The enormously damaging changes to the Mining Charter that Zwane introduced in June, along with pending amendments to the Mineral and Petroleum Resources Development Act, which have been a work in progress for five years, coupled with rampant corruption in the government, political uncertainty, and the difficulty of doing business in SA, have made the country a no-go zone for some investors.

Confirming anecdotal stories from executives travelling abroad to raise funds, Jamie Horvat, the manager of M&G Global Basics Fund in London, was blunt when asked during a panel discussion about where SA fitted into the fund's investment focus.

"Unfortunately SA is pretty much a no-go zone for us," Horvat said, pointing out equity was the highest risk capital an investor could put into a company.

"When we see governments that don't have long-term sound economic plans, a fair and just regulatory environment, with protection of property rights, it's a big concern for us," Norvat said.

The chamber, whose members account for 90% of SA's annual mineral output, has defended its boycott of the conference gala dinner where Zwane spoke, with CE Roger Baxter saying the chamber's members had lost all confidence in Zwane, who had unresolved corruption allegations hanging over him and dubious dealings linked to the controversial Gupta family, who have used their connections to President Jacob Zuma to extract enormous financial benefit from state-owned enterprises under dubious circumstances.

Mgojo said the chamber was involved in wide-ranging talks with a variety of parties despite the court process to seek a declaratory order about the continuing benefits from empowerment transactions and for a judicial review of the third iteration of the Mining Charter, which Zwane has suspended since gazetting it in mid-June.

If the judicial review in mid-December is decided in the chamber's favour, and the third charter is set aside, then the department and the chamber are likely to be forced to revisit the drafting of the charter, with the chamber pushing for more intensive negotiations around the document, unlike in the run-up to the release of the prevailing version.

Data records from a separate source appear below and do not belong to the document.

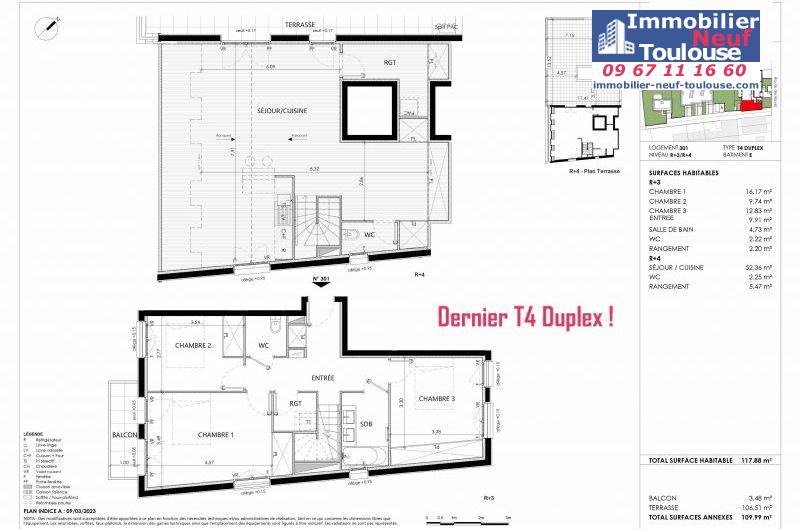 Appartements neufs à Toulouse Terrasse - Programmes immobiliers neufs Promomidi SUZAN GARDEN //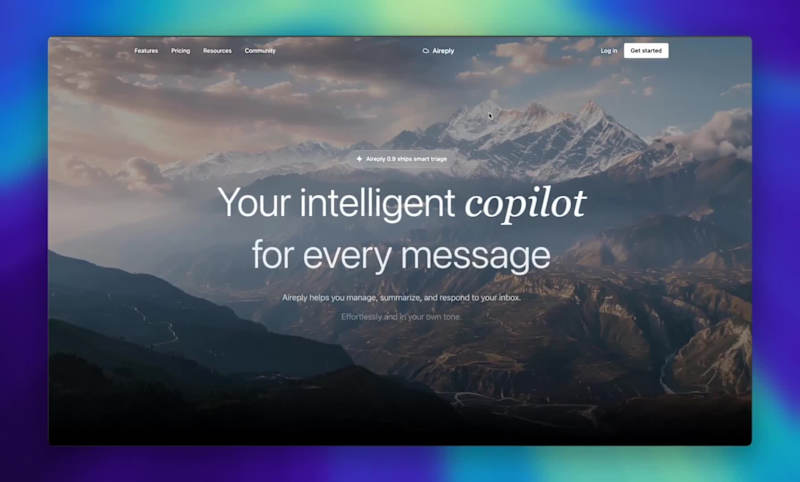 Cover image for Made the landing page in the bolt.new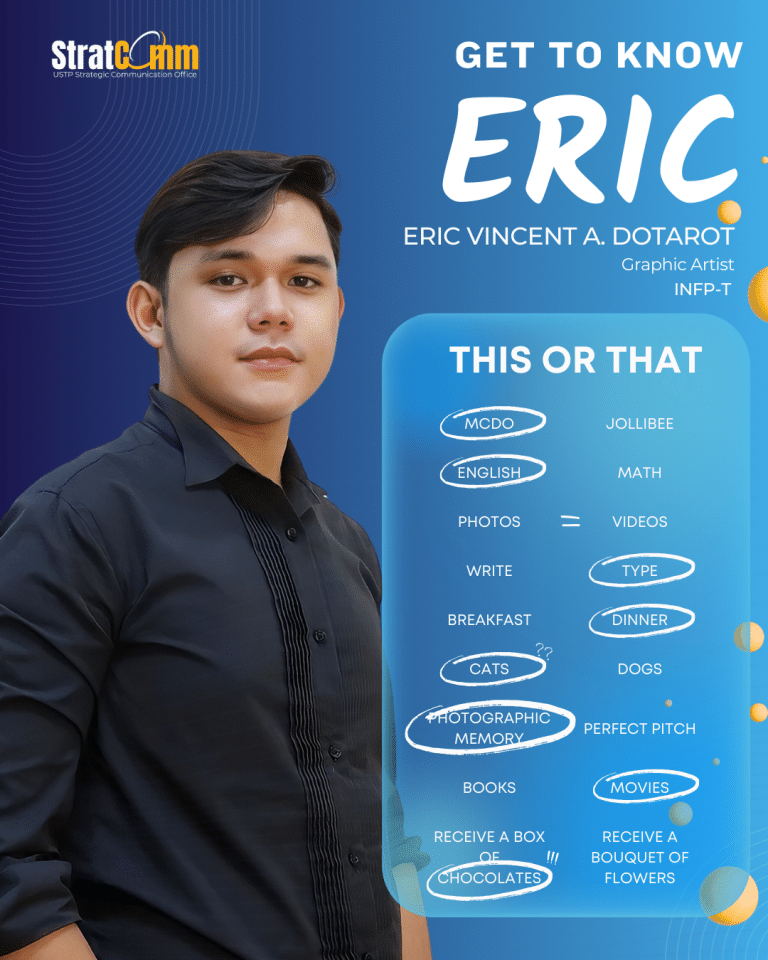Eric Vincent A. Dotarot - STRATCOMM Graphic Artist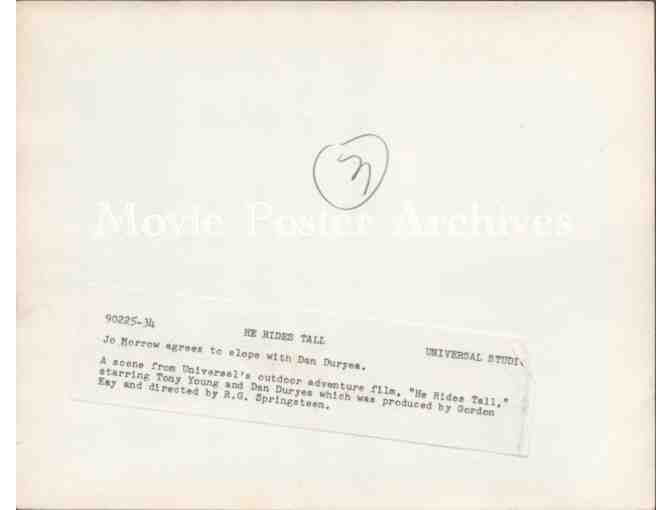 HE RIDES TALL, 1964, movie stills, Tony Young, Dan Duryea, Jo Morrow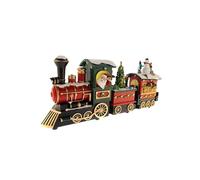 Train Santa décoratif de Noël avec Mouvement, lumières LED et Musique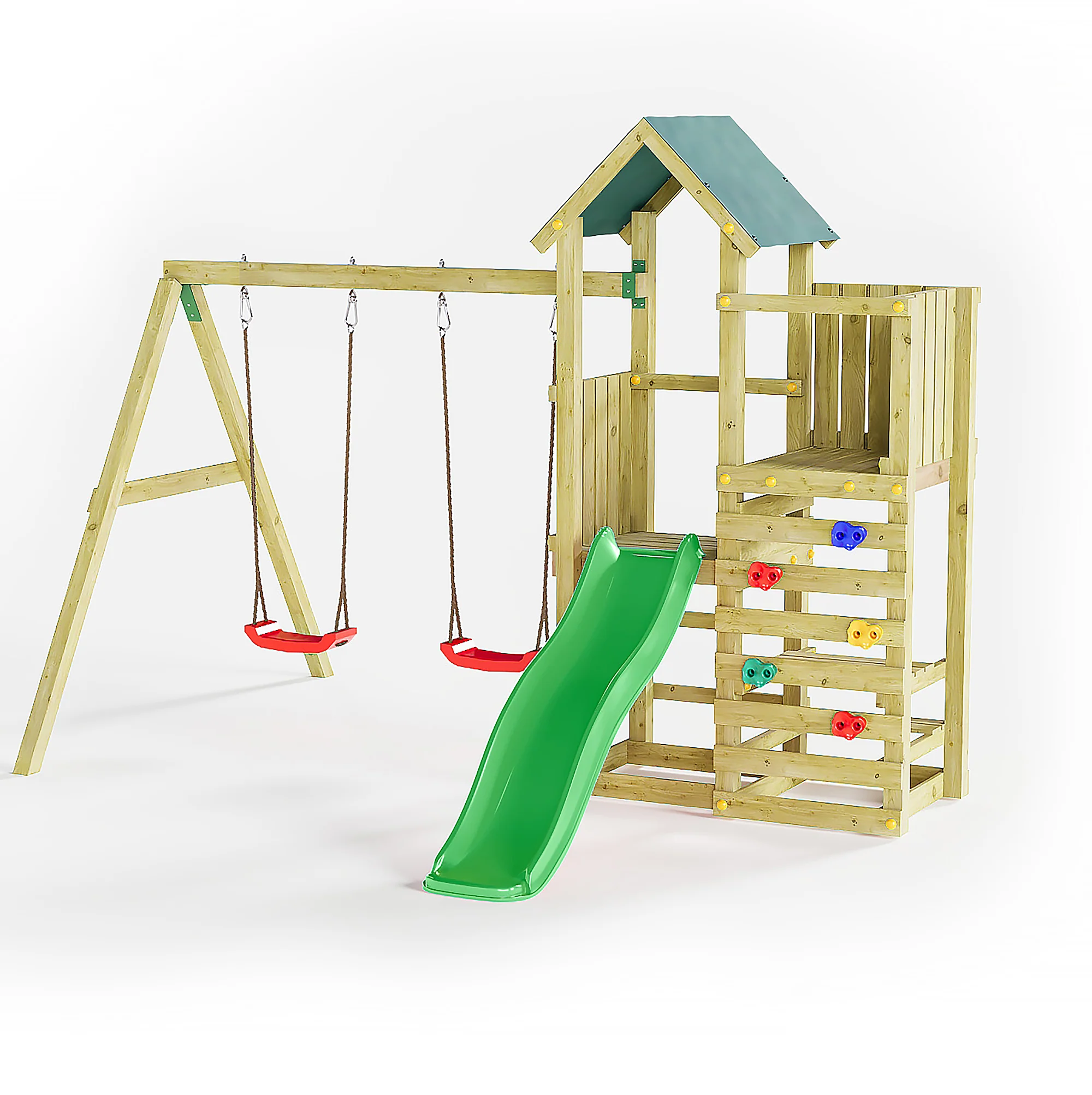 Chester Playfort - Climbing Frame With Swings And Slides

To prepare for that prospect, the chamber was aggressively working on an alternative version, drawing on former chamber leadership involved in the drafting of the first two charters. It was also speaking to the ANC, unions, civil society groups and big government-owned financial institutions to come up with a version that would be broadly acceptable, Mgojo said.

"We have a court process going on, but at the end of the day there is no way we can come up with a solution for this country in the mining sector where we do not sit around a table, and face each other, eyeball each other, wrestle with each other, until we find a solution," he said.

"While those issues are taking place in court we have to find one another and start a conversation. We are doing exactly that," he said. "Real consultation and partnerships are the key to a sensible transformation journey and outcomes."

Jim Rutherford, a nonexecutive director at Anglo American, said the empowerment debate in SA had been distorted into ownership and control of the mining sector, and the government was clearly misunderstanding how modern capital markets worked.

He warned that governments interfered with the mining sector with "misguided mining policies" and reduced companies' profitability, directly affecting pension funds of the general populace.

DA leader Mmusi Maimane said on Wednesday the department's changes to regulations and policies were aimed at changing control of the mining sector from a white elite to a black elite, without any benefit for broader society.

The point of speaking to mining veterans like Bobby Godsell, Sipho Nkosi, Barry Davison and Con Fauconnier was to find out how the first charter was negotiated in 2002 and the second version in 2010, and to discover what was left unresolved that had evolved into problems the industry was now grappling with and why the department changed the charter the way it had, leading to the deeply damaging impasse between the two sides.